Bu genler arasında bağışıklık fonksiyonlarıyla ilişkili olanlar da bulunuyordu. Bunlardan biri, önceki bir çalışmada mikroplarla mücadelede önemli rol oynayan T hücrelerinin fonksiyonunu etkileyebileceği gösterilen BTN2A2 geniydi. Bir diğer lokusta ise ağrıyla daha önce ilişkilendirilmiş olan CA10 geni yer alıyordu. Yazarlar, bu bağlantının ME/CFS hastalarındaki ışık, ses ve dokunmaya karşı aşırı hassasiyeti açıklamaya yardımcı olabileceğini belirtiyor.
Tespit edilen genetik bağlantılar, hastalığın neden olduğu değişikliklerden ziyade, insanların ME/CFS geliştirme konusundaki hassasiyetini etkileyen biyolojik sistemlere işaret ediyor.

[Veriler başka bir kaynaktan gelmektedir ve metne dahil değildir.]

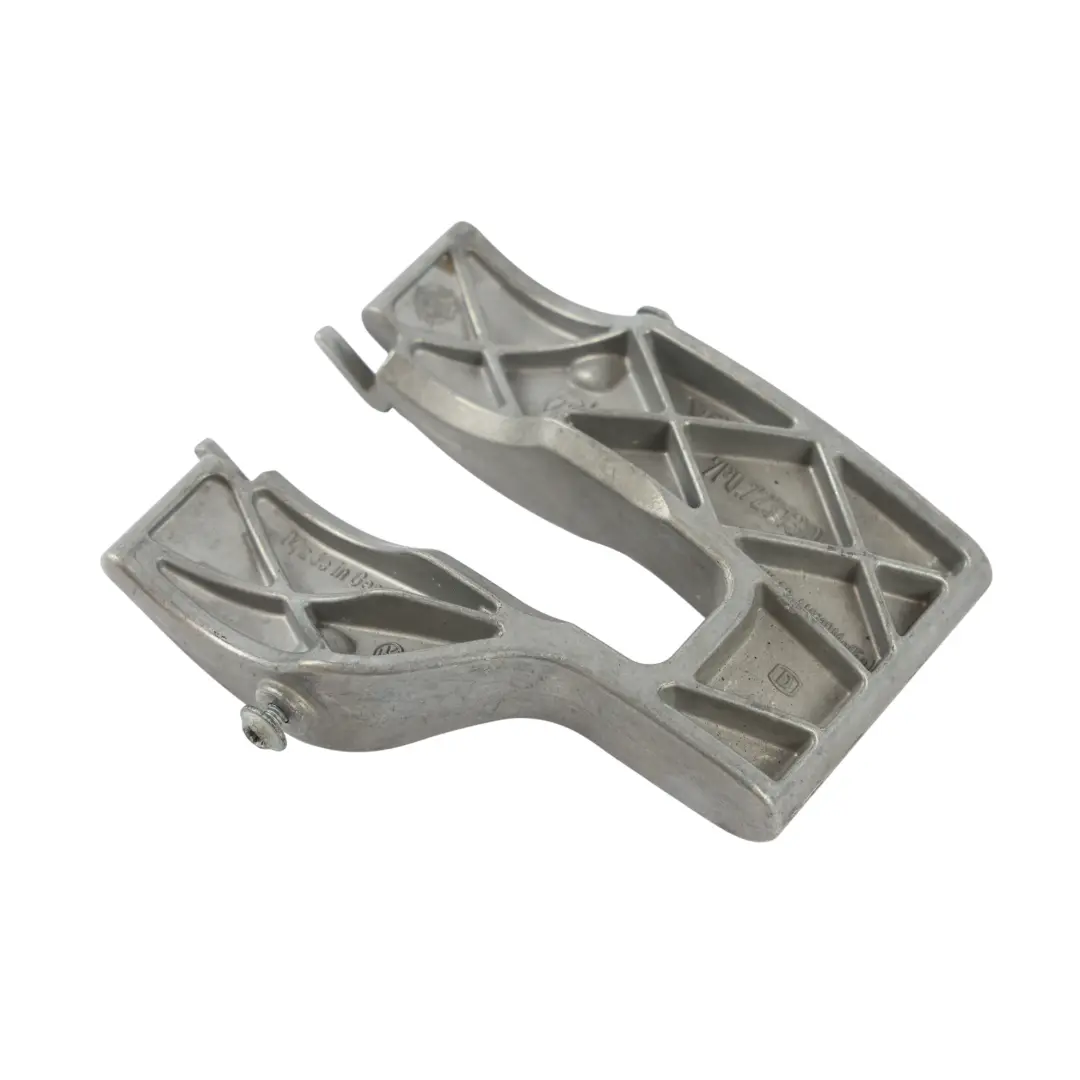 Porsche Cayenne Turbo 92a Brake Pedal Carrier Support Fastening Screw - SKU RHD-7P0723130 - Part number 7P0723130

Yazarlar, verilerini doğrulamak amacıyla, Birleşik Krallık Biyo Bankası'nda ve Hollanda'nın Lifelines veri tabanında kaydedilen 13.800 ME/CFS vakasını kullanarak aynı ilişkilerin kurulup kurulamayacağına baktılar. Ancak istatistiksel düzeltmelerden sonra bu ilişkilerin hiçbiri tekrarlanamadı.
Çalışmada yer almayan Cambridge Üniversitesi'nden araştırmacı Amy Mason, bunun DecodeME bulgularındaki kusurlardan ziyade, diğer veri setlerindeki tanı verilerinin zayıf veya tutarsız olmasından kaynaklanabileceğini ifade etti.

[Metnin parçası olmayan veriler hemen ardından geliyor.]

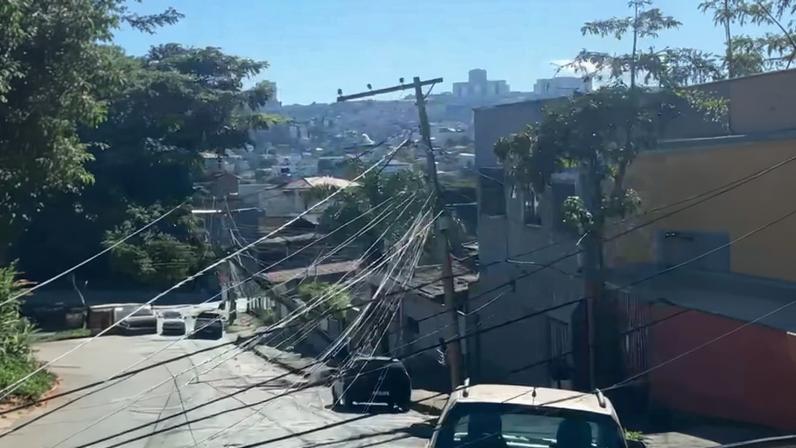 Cemig foi acionada e informou que trabalha no local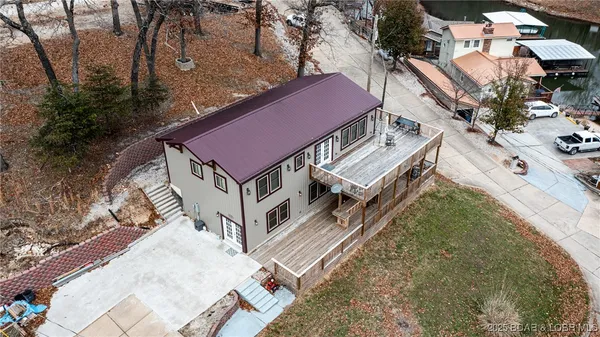 $645,000 | 401 Putt N Bay Drive, Sunrise Beach, MO 65079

COVID-19 enfeksiyonu sonrası ortaya çıkan ve vücudun birçok sistemini etkileyen uzun süreli bir durum olan Uzun COVID'in, ME/CFS ile benzer belirtiler gösterdiği biliniyor. Ancak, yapılan açıklamalara göre, DecodeME çalışması, daha önce yayımlanan uzun COVID üzerine yapılan benzer büyüklükteki bir GWAS analizinde bulunan genetik sinyallerden hiçbirini tespit etmedi. Bunun nedeni henüz bilinmiyor.
ME/CFS, cinsiyet açısından belirgin bir eğilime sahip bir hastalıktır; hastaların yaklaşık %80'i kadındır. DecodeME çalışması güçlü bir cinsiyet bağlantısı belirlemedi. Ancak, cinsiyetle ilişkili özelliklerin bulunabileceği X veya Y kromozomlarını ekibin incelemediği belirtildi. Ayrıca analiz, tamamen Avrupa kökenli bireylere odaklandığı için, diğer kökenlerden gelen hastalar için sınırlı bir değer taşıyabilir.
Yazarlar, DecodeME'nin, genetik sinyalleri daha ayrıntılı inceleyecek ve ME/CFS'de rol oynadığı düşünülen biyolojik mekanizmaları belirleyecek daha fazla araştırmaya bir başlangıç noktası olmasını umuyor. Şu an için bulguların hastalığın teşhis veya taramasında ilerleme sağlamadığı belirtiliyor.
Ponting, ME ile ilişkilendirilen her bir sinyalin nedenini belirlemek için bu bölgeleri derinlemesine araştıran çalışmalara acil ihtiyaç duyulduğunu ve bunun da gelecekteki teşhis ve tedavilere doğru ilerlemeyi hızlandıracağını dile getirdi.